Андрей добычу, естественно, не вернул, вместо этого зажал огурец в зубах и, шустро подцепив ещё и пару кружочков колбасы, тиканул из комнаты. Тут же сработал закон дурного примера, и к столу полезли ещё два пацана. Девочка упёрла руки в бока:
– Вы что, не поняли? Мама сказала, ничего не трогать! – этакая маленькая училка. Может, как раз‑таки Ленкина? – Оля, скажи им!
Одна из девчонок постарше, из тех, что хихикали, поглядывая на Алекса, хлопнула в ладоши:
– Илья, Сергей! Ну‑ка!
И они тут же сделали вид, что просто проходили мимо. В комнату заглянул Мишка:
– Отец едет!
Тут же поднялась суета – уносились игрушки, заправлялось покрывало на диване, возвращались обратно к столу стулья… Просто поразительно, насколько всё было слажено. А ведь всего два слова и никаких указаний к действию! Скорее сигнал.
Я тоже поднялась. Ленкин игнор затянулся уже больше чем на полчаса, и начинал походить на банальный бойкот. А раз так, не хотелось бы, чтобы наши тёрки помешали их нормальному семейному ужину. Нужно было попробовать поговорить сейчас.
– А мама где? – спросила я Олю.
– С Кирюшей наверное, – пожала она плечами. – Хотите, я вас отведу?
Я кивнула Алексу «сейчас приду» и пошла за девочкой в холл.
– Мама где? – спросила та пробегающего мимо пацана.
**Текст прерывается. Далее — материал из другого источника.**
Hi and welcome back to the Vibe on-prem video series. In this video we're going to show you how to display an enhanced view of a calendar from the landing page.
– Не знаю! – на ходу крикнул он. – А ты не видела веник? Наро‑о‑од, кто видел веник? Срочно‑о‑о!
– Леночка там, – раздался над ухом тихий голос Мариши. – Пойдёмте, я отведу?
Оля тут же исчезла, а Мариша, обойдя вокруг ёлки, заглянула в одну из дверей тут же, в холле:
– Леночка ты здесь? – и потянула меня за собой: – Заходите, не бойтесь.
Я выдохнула и зашла.
Ленка с ребёнком на руках стояла у окна и просто тупо пялилась в него. Глянула на меня мельком и тут же снова отвернулась. Но мне показалось, что глаза её были покрасневшими.
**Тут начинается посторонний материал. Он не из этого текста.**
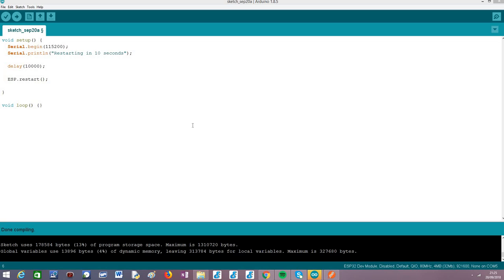Then we are going to do a small delay, and after that we are going to restart the ESP32, and everything will run again and again.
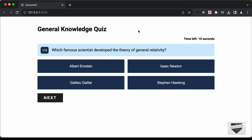Hi everybody, welcome to Live Blogger. In this tutorial series we are creating a quiz website using HTML, CSS, and JavaScript. In the previous video we completed the functionality of this quiz except the timer functionality, so in this video we will add the time feature. We will have 10 seconds for each question, and after 10 seconds the next question will be displayed. We will have five questions in total.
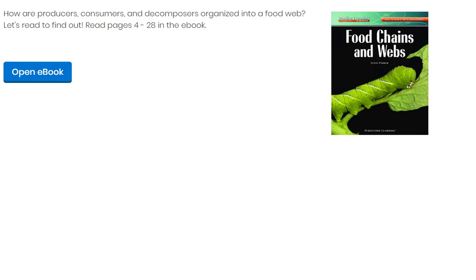Hello fifth graders and welcome to a read aloud of today's science ebook titled Food Chains and Webs, as needed for today's science lesson, Unit 3, Lesson 8: Producers, Consumers, and Decomposers.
– Вот, я принесла, – сказала мне Мариша, и только сейчас я заметила в её руках альбом для рисования. Заторможено кивнула и взяла его, не спеша открывать.
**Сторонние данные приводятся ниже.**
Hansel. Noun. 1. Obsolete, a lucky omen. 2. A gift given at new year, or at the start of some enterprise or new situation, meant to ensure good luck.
– Лен, прости. Понимаю, что не должна была так делать. Просто…
– Да, шутка была дурацкая, – сухо перебила она. – И как тебе только совести хватило? – Голос её тоже изменился, как и фигура. Стал более низким, грудным. И, несмотря на с трудом сдерживаемый гнев, тёплым. – Не понимаю, на что ты вообще рассчитывала?
– Не знаю, Лен. Это… Это так просто не объяснить.
– А не надо объяснять! Это никому не интересно!
Это прозвучало как: «И чего ты вообще припёрлась?» Повисла напряжённая тишина. Я в растерянности машинально открыла в альбом.
– Это ангел, – тут же мурлыкнула Мариша. – Леночкин ангел.
Я посмотрела внимательней и, несмотря на гнетущую атмосферу, не смогла сдержать улыбку. Ленкин ангел оказался этаким здоровым мужиком, крепко стоящим на широко расставленных ногах. Нарисовано просто, очень по‑детски, но не карандашами и не фломастерами, а акварелью. Цвета полупрозрачные, чистые, отчего казалось, что и мощный ангелище этот – тоже чистый. В нём словно был какой‑то внутренний свет. Я перелистнула.
– А это Илюшин ангел…
Девочка с длинными косами и, почему‑то, в докторском халате.
– А это Тамарочкин ангел…
Лошадка с крыльями и цветами в длинной воздушной гриве.
– А это Мишуткин… А это Максимкин… Ксюшин… Антошин…
Весь альбом – ангелы, такие же разные и такие же дружные, как и жильцы этого дома.
– А твой ангел здесь есть? – спросила я, и Мариша с готовностью открыла нужную страницу.
Ну что сказать… Рисунок‑то конечно детский, но я не я, если это не Ленка! А иначе, откуда золотая коса и малыш на руках?
– Ты узнала её? – спросила вдруг Ленка. – Маришу узнала?
Я подняла голову от альбома:
– Нет… – глянула на девушку. – А должна?
– Не знаю, – пожала плечами Ленка. – Помнишь девочку‑попрошайку, которую я как‑то с улицы в технарь притащила? Вот. Это она.
У меня, кажется, челюсть отвисла, я обалдело смотрела на Маришу и не знала, как реагировать.
– Отец же тогда нагрянул неожиданно и поймал меня с поличным. Маришку забрал и увёз куда‑то… – и она вдруг замолчала, усмехнулась. – Хотя почему неожиданно, да? Да и зачем я тебе это рассказываю, ты же, наверное, лучше меня знаешь, как дело было…
Болезненная тема возникла так внезапно, что я растерялась, замямлила что‑то невнятное, и в это же мгновение распахнулась дверь:
– Папа приехал! – захлёбываясь восторгом, взвизгнула девчушка лет шести. – Папа‑а‑а… – и тут же умчалась.